Records to process.
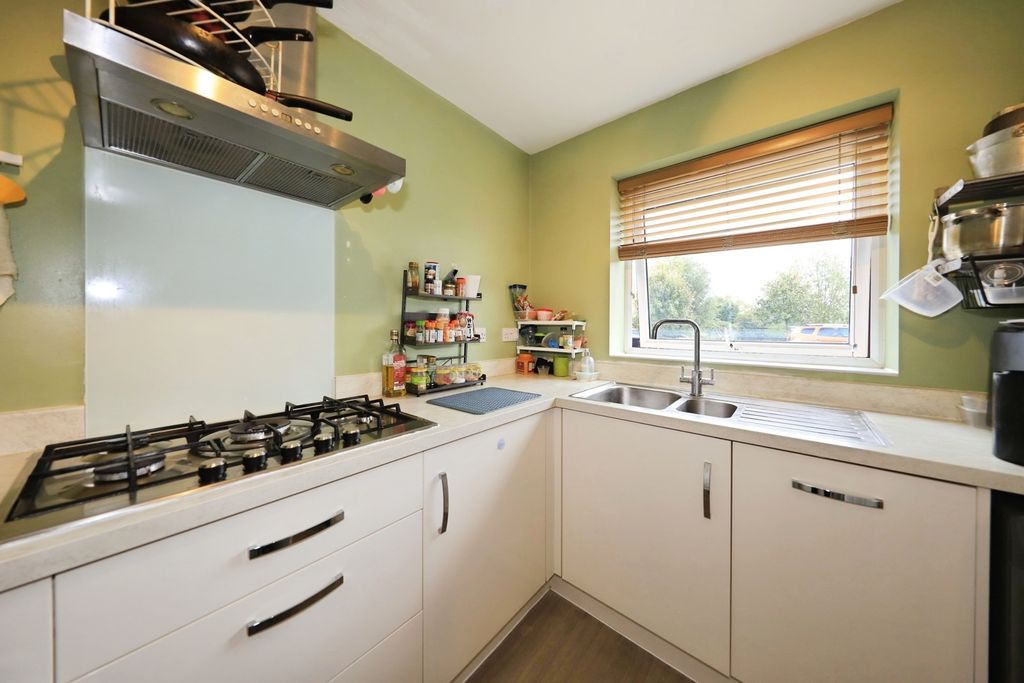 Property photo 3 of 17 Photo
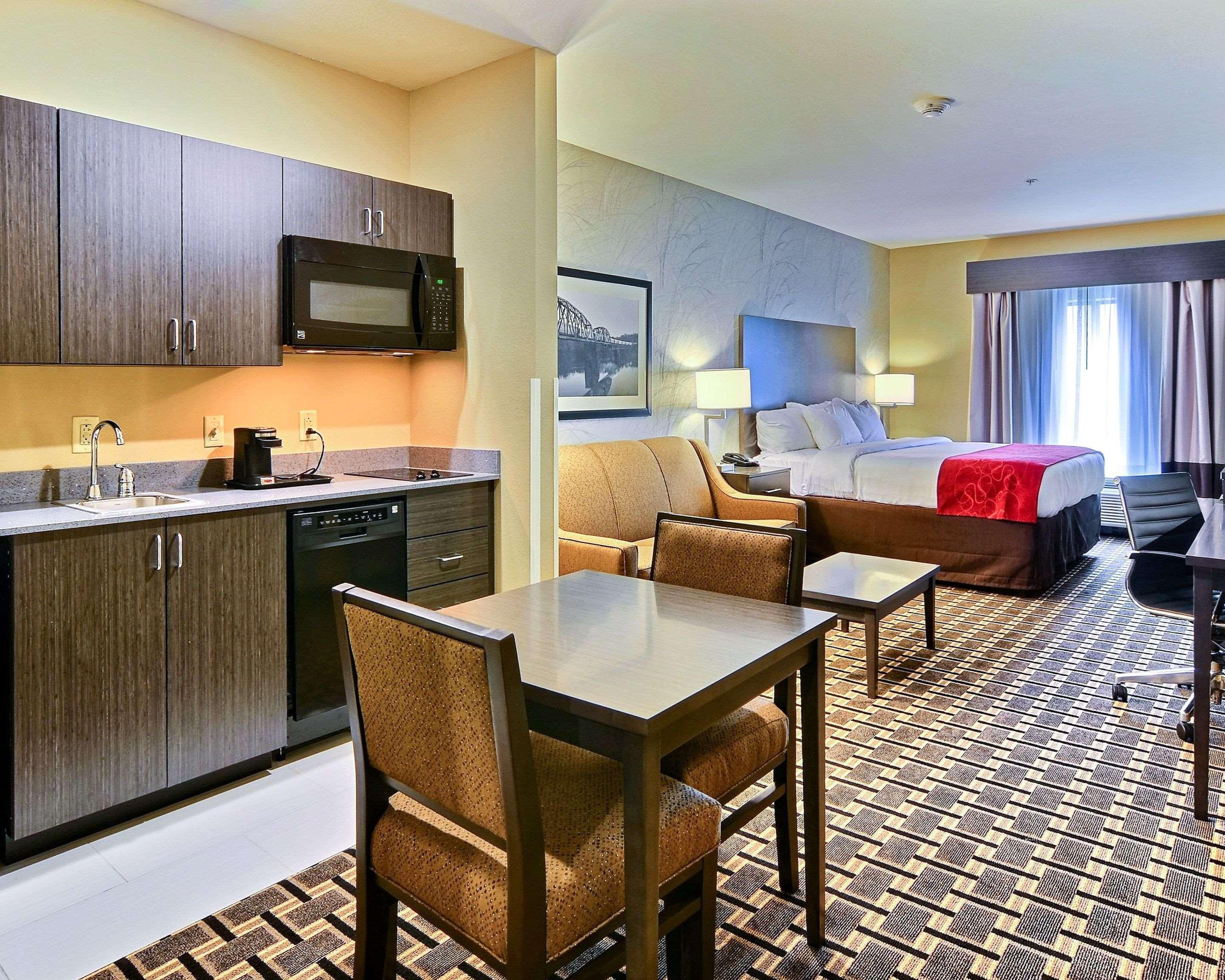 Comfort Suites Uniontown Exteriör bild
--
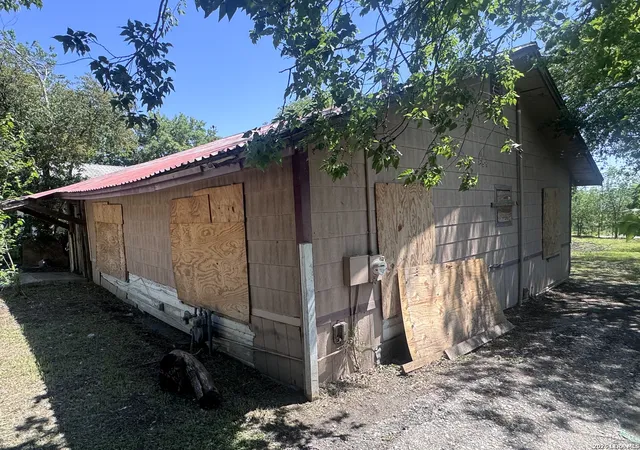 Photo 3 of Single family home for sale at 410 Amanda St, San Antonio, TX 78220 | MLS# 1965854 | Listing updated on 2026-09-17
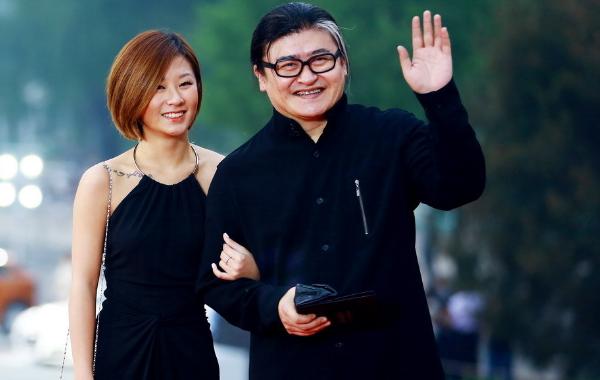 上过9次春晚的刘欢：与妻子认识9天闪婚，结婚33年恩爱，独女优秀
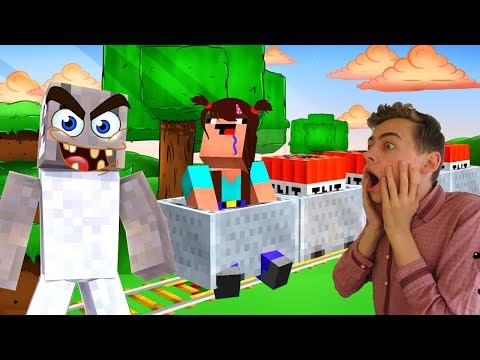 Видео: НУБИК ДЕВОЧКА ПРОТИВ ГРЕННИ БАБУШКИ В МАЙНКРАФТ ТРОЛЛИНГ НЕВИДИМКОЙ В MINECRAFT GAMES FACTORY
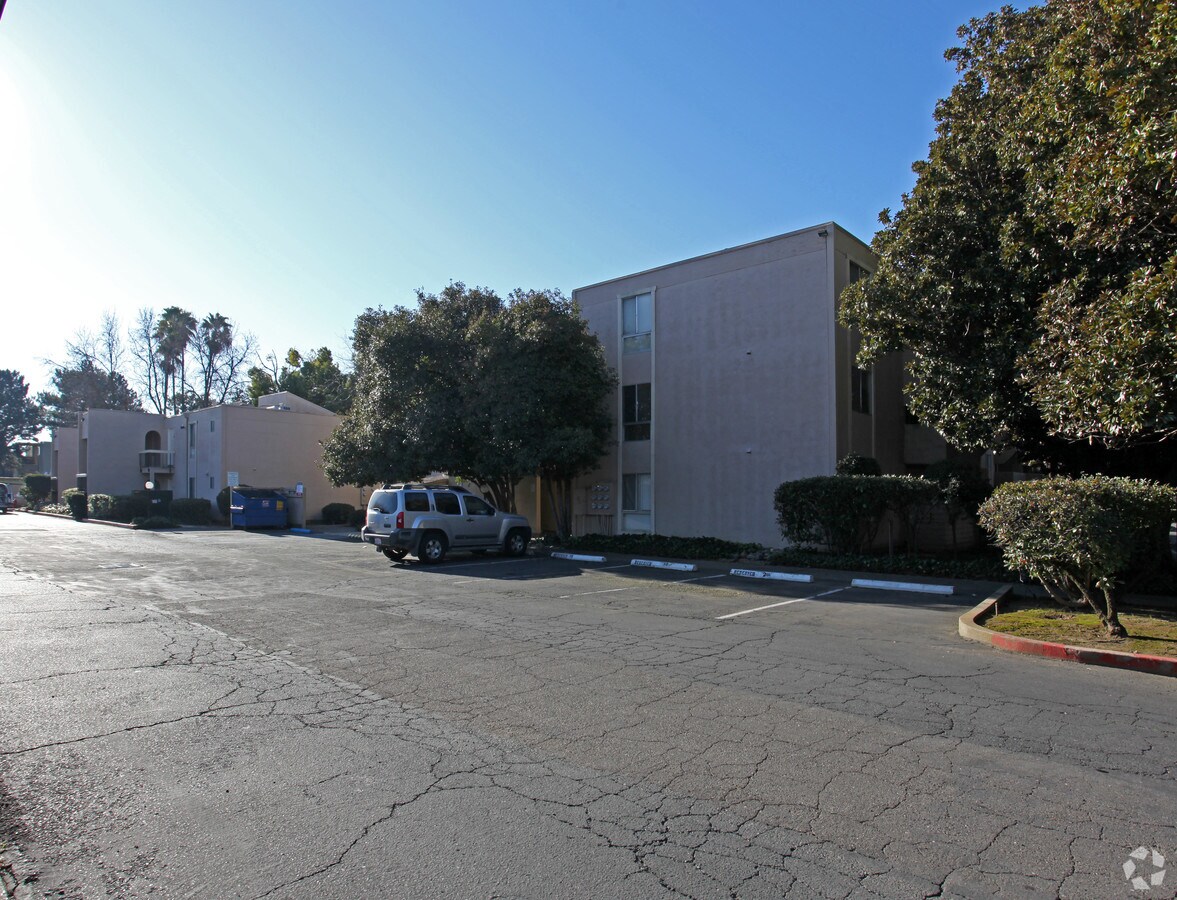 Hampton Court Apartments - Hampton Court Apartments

Your instructions.
Reproduce word for word, with pictures dropped, only the part of the material above that opens with the line containing "Property photo 3 of 17 Photo" and closes with the line containing "Comfort Suites Uniontown Exteriör bild".

Answer area.
 Property photo 3 of 17 Photo
 Comfort Suites Uniontown Exteriör bild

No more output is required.